How can we exploit the potential of millets?
The first challenge is to improve millet-based food crop production systems to boost yields and reduce food insecurity among the families that depend on them. In particular, this involves varietal breeding and access to quality seed; developing biotic stress control methods; managing soil fertility better; developing small-scale mechanization; and access to credit for farmers.
The next challenge is to improve drying, storage and processing techniques and millet product quality. Developing processing units with a reliable supply and launching a wider range of "ready-to-cook" products whose quality and shelf life are guaranteed, backed by ad campaigns vaunting the advantages of millets should help boost demand, particularly in urban areas, and serve to reconquer markets currently dominated by imported goods.
Millet is primarily grown as a food crop, and there are not currently any interprofessional structures like those for cash crops. The third challenge is therefore to coordinate all the stakeholders in the value chain more efficiently, including as regards research operations and public policy, to share information and to facilitate access to training, equipment and funding. These are prerequisites for the emergence, adaptation and adoption of innovations.

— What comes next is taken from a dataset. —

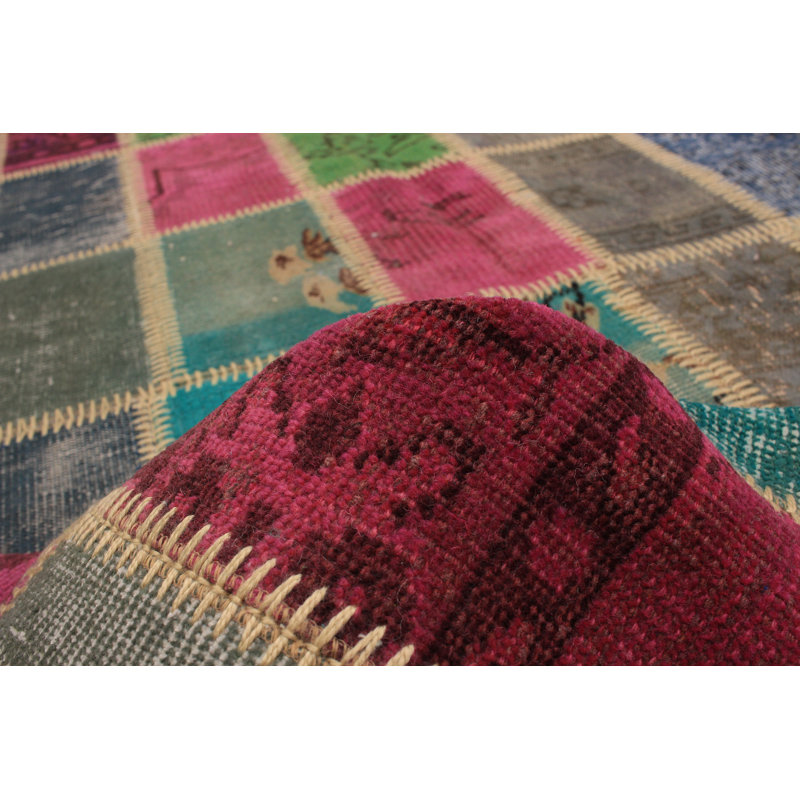Tapis unique en laine noué à la main vert / rose / gris des années 2010 de 5 pi 1 po x 7 pi Tsonis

Millets are key crops for food security and sovereignty in semi-arid zones, and are also possible candidates for supporting the ecological transition and the diversification of cropping systems in temperate and developed countries. They therefore warrant stronger synergies between research and development partners in the global North and global South.
It looks likely that 2023, which the UN has designated International Year of Millets, and more particularly the upcoming World Conference on Sorghum, to be held in Montpellier in June 2023, will serve to catalyse these dynamics.